One-way ANOVA tests whether the means of three or more groups are all equal or if at least one group differs. It extends the logic of a two-sample t-test to situations with multiple groups, and it's the go-to method whenever you need to compare treatments, conditions, or categories without inflating your Type I error rate by running many separate t-tests.

more resources to help you study

practice questions

Purpose of One-Way ANOVA

Compares means across three or more groups or populations (e.g., different drug dosages, teaching methods, or age brackets)
Determines whether at least one group mean is significantly different from the others
Avoids the problem of running multiple t-tests, which would inflate the overall probability of a Type I error (falsely rejecting $H_0$ )

Why not just do several t-tests? If you have 4 groups, that's 6 pairwise comparisons. Each test at $\alpha = 0.05$ compounds the chance of at least one false positive well beyond 5%. ANOVA handles all groups in a single test, keeping your error rate controlled.

Hypotheses for Multiple Group Comparisons

Null hypothesis ( $H_0$ ): All population means are equal. $\mu_1 = \mu_2 = \mu_3 = \cdots = \mu_k$ where $k$ is the number of groups. This assumes any observed differences are due to random variation alone.
Alternative hypothesis ( $H_a$ ): At least one pair of population means differs. $\mu_i \neq \mu_j$ for at least one pair where $i \neq j$ . Note that $H_a$ does not say all means differ. It only claims that at least one group stands apart. For example, if you're comparing four pain medications, rejecting $H_0$ might mean just one medication outperforms the rest while the other three are similar.

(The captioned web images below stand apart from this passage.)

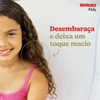 Produto 1586244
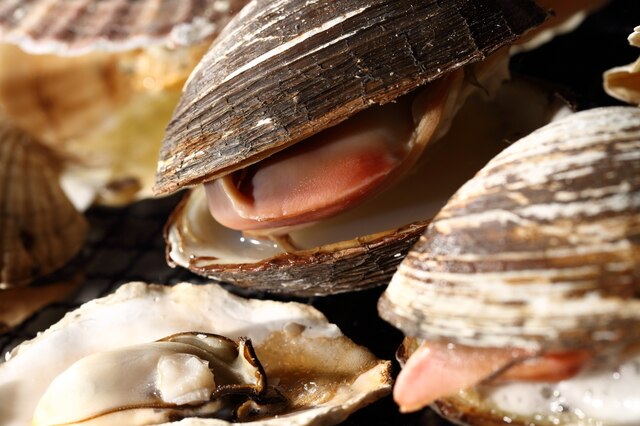 豊かな自然に恵まれた青森県おいらせ町でおすすめの美味しいお土産4選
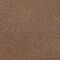 Cinnamon Brown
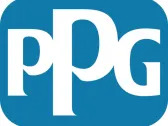 PPG reports first quarter 2024 financial results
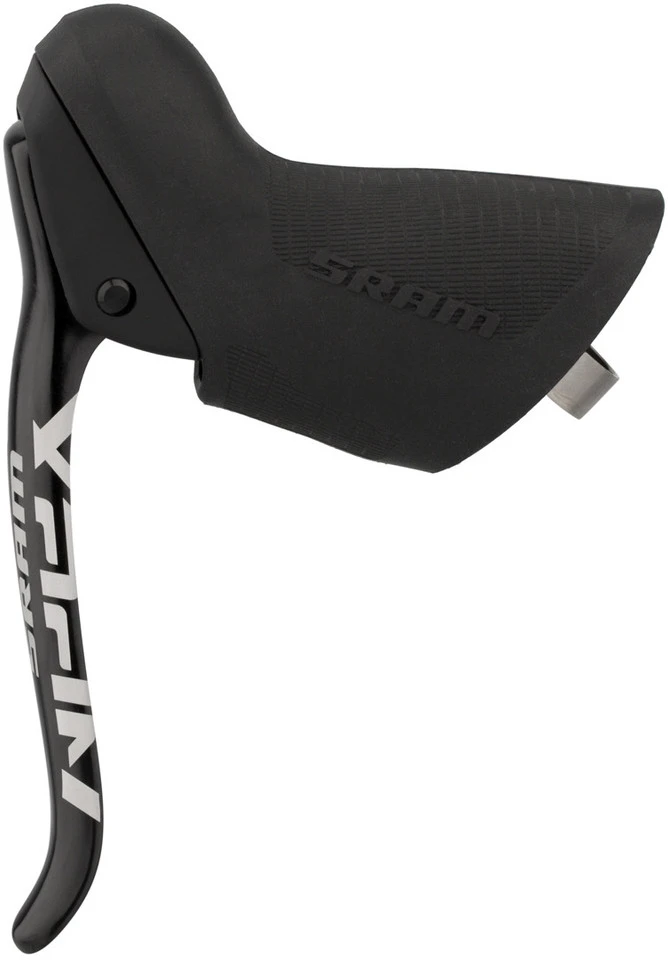SRAM Apex 1 Bremsgriff 1-fach 1 SRAM Apex 1 Bremsgriff 1-fach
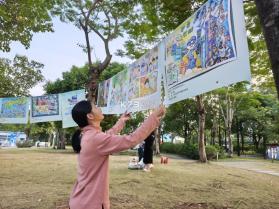 清风侠 v1.2.4 安卓app下载 截图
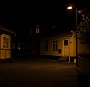 DSC05626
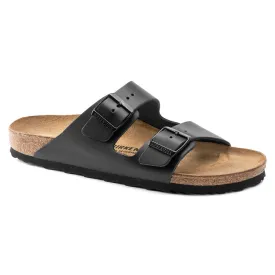 Birkenstock Arizona BS Black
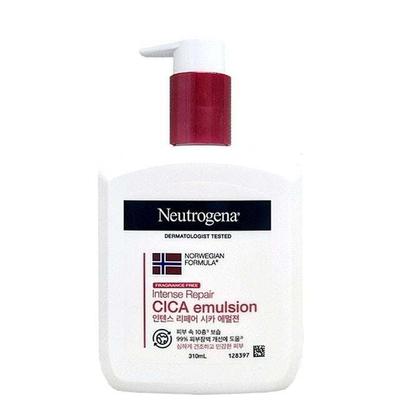 Intense Repair Cica Emulsion 310ml [WFJ7PDF_251029]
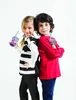 Lexibook - Disney Frozen - Walkie Talkie (100 m) (TW12FZ) Produktbild-Vorschau 9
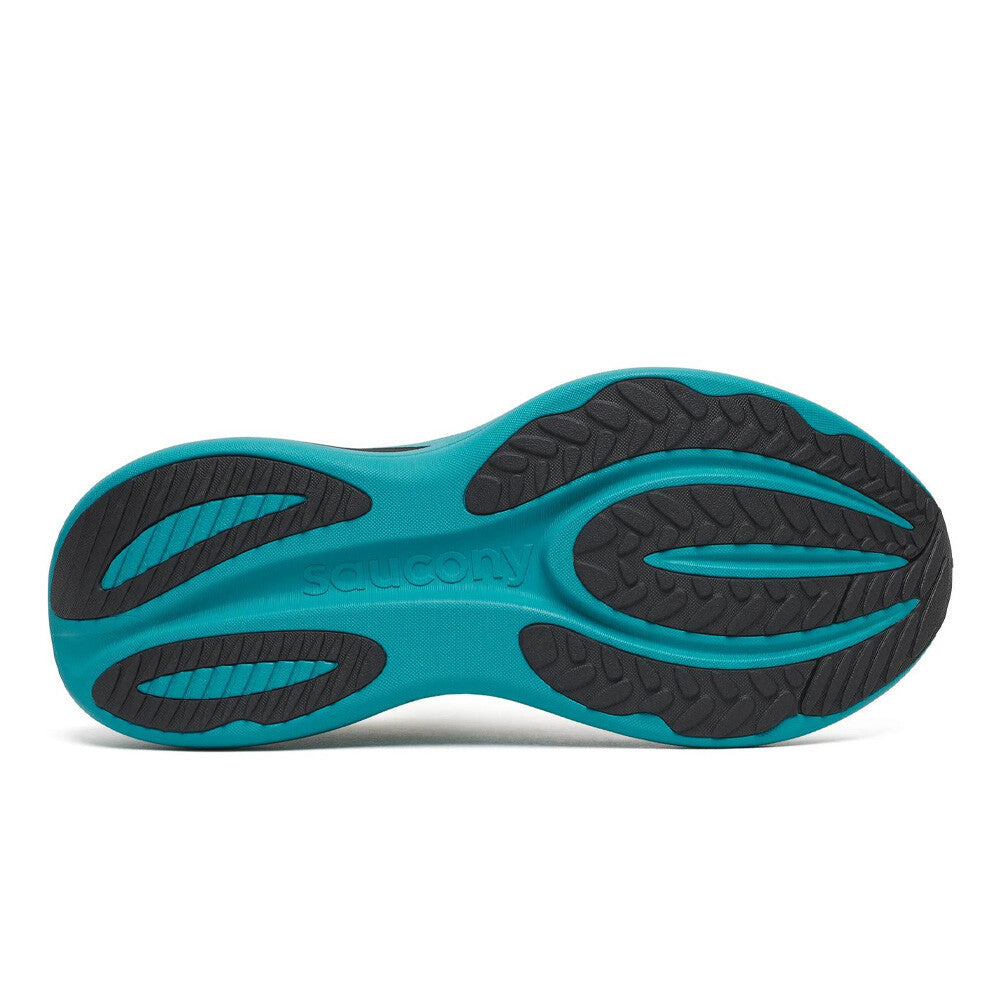 Saucony Triumph 24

Purpose of one-way ANOVA, R Tutorial Series: R Tutorial Series: One-Way ANOVA with Pairwise Comparisons

The F-Statistic and How ANOVA Works

ANOVA works by comparing two sources of variability:

Between-group variability (MSG): How much the group means differ from the overall grand mean. Large values suggest the groups aren't all the same.
Within-group variability (MSE): How much individual observations vary around their own group mean. This reflects natural random spread.

The test statistic is:

$F = \frac{MSG}{MSE} = \frac{\text{between-group variability}}{\text{within-group variability}}$

If the group means are all similar, $MSG$ will be small relative to $MSE$ , producing an $F$ -value near 1.
If at least one group mean is very different, $MSG$ will be large, pushing $F$ well above 1.
The $F$ -statistic always follows the F-distribution, which is right-skewed and defined by two degrees of freedom: $df_1 = k - 1$ (between groups) and $df_2 = N - k$ (within groups), where $N$ is the total sample size.

You reject $H_0$ when the $F$ -value is large enough that the p-value falls below your significance level $\alpha$ .

Assumptions of One-Way ANOVA

Before trusting your ANOVA results, check these conditions:

Independence: Observations are independent, both within and across groups.
Normality: The data within each group should be approximately normally distributed. With larger samples, ANOVA is robust to moderate departures from normality.
Equal variances (homoscedasticity): The population variances across groups should be roughly equal. A common rule of thumb is that the largest sample standard deviation should be no more than about twice the smallest.

Purpose of one-way ANOVA, How to Perform ANOVA in Python

Box Plots for ANOVA Visualization

Box plots give you a quick visual sense of whether group means might differ before you even run the test.

Each box shows the median (center line), the interquartile range (the box, covering the middle 50%), and whiskers extending to the most extreme values within 1.5 × IQR. Points beyond the whiskers are flagged as potential outliers.
Non-overlapping boxes suggest the groups may have meaningfully different centers, though this isn't a formal test.
Overlapping boxes don't guarantee the means are equal. The ANOVA F-test accounts for sample sizes and variability in ways a visual comparison can't.
Box plots also help you check assumptions: look for roughly similar spreads across groups (equal variance) and roughly symmetric distributions (normality).

Post-Hoc Analysis and Effect Size

A significant ANOVA result tells you something differs, but not what. That's where post-hoc analysis comes in.

Post-hoc pairwise comparisons test each pair of group means to pinpoint where the differences are. Common methods include Tukey's HSD and Bonferroni correction, both of which adjust p-values to account for the multiple comparisons problem.
Effect size measures how large the differences are in practical terms, not just whether they're statistically significant. A common effect size for ANOVA is eta-squared ( $\eta^2$ ):

$\eta^2 = \frac{SS_{\text{between}}}{SS_{\text{total}}}$

This tells you the proportion of total variability in the data that's explained by group membership. For instance, $\eta^2 = 0.14$ means 14% of the variation in your outcome is accounted for by which group a subject belongs to. Cohen's rough benchmarks: 0.01 is small, 0.06 is medium, and 0.14 is large.

Statistical significance (small p-value) and practical significance (meaningful effect size) don't always go hand in hand, so always report both.